Have you ever looked at an external drive with folders created on a Mac but then loaded on Windows or Linux? If you look carefully (turn on viewing of hidden and system files) you'll see a file beginning with ._
for some or many of your files, varying by file type. What are these mysterious '._xxx' files?
Mac OSX Resource Forks
Those ._ files are called resource forks. Resource forks are specific to Mac filesystems. They don't take up too much space and can contain useful data about your files. But deleting them also won't delete your files (the data forks) so is generally not a problem. If seeing the files in Windows or Linux is annoying to you then you can delete them from your external drive.
Cleaning up ._ files
On newer versions of Mac OS X, it comes with a dot_clean
command which you can run in Terminal while passing it the path of a directory to clean. Don't clean root '/' but choose a mounted external disk.
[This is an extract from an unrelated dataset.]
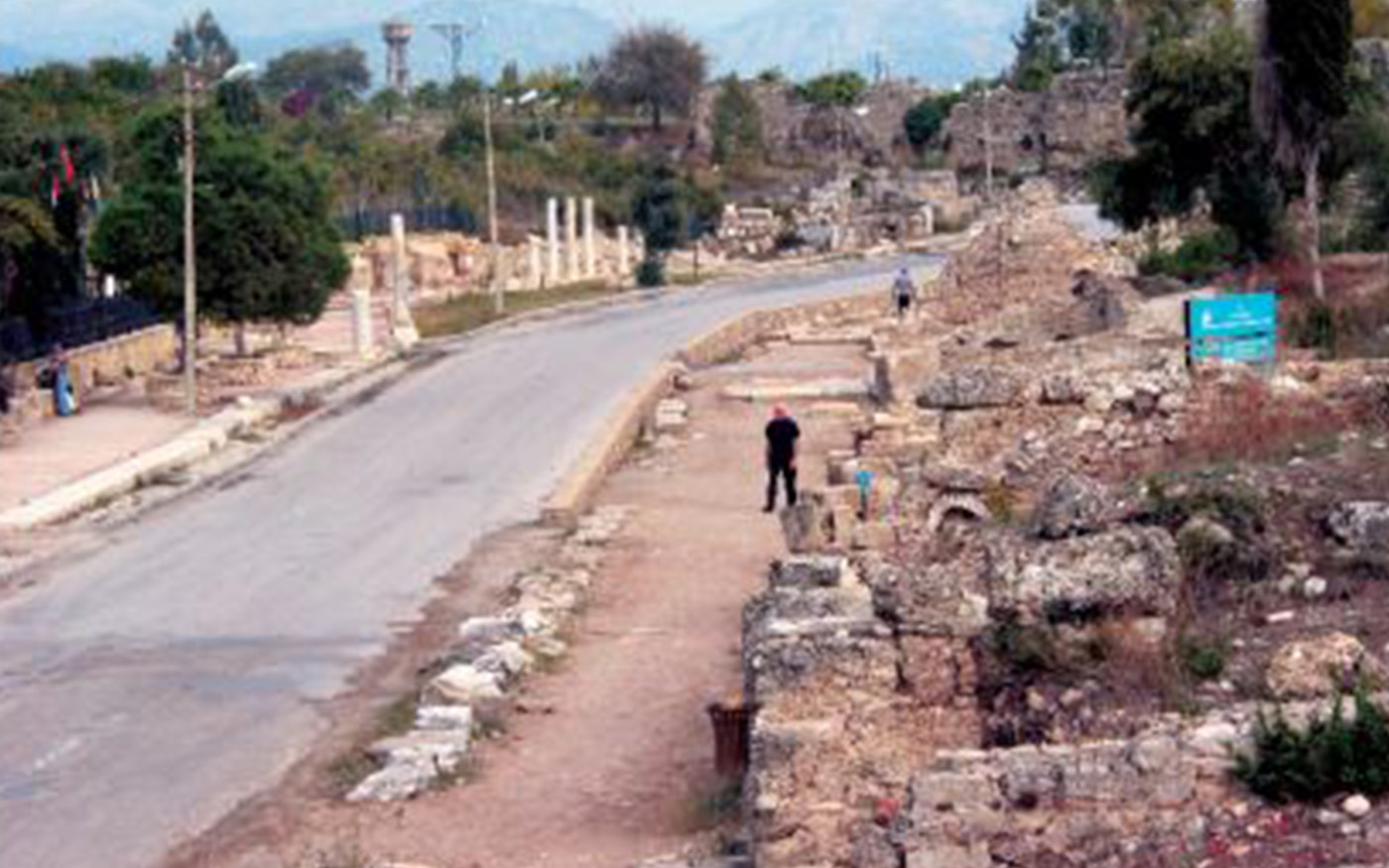 Colonnaded Street in Side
Run the mount
command to see what disks were added into your '/Volumes/' directory and choose one of those. If your disk was named 'morestorage' then you could see it when you ran 'mount' and then run dot_clean /Volumes/morestorage
.
On Linux or non-Mac operating systems, you can still delete those files recursively using the 'find' command. Given you are currently in the directory you want to clean (recursively) in a terminal, then run:
find . -name '._*' -type f -delete
This won't prevent the future creation of those ._ files again so you may need to run this again if you copy or create new files on the disk within Mac OS.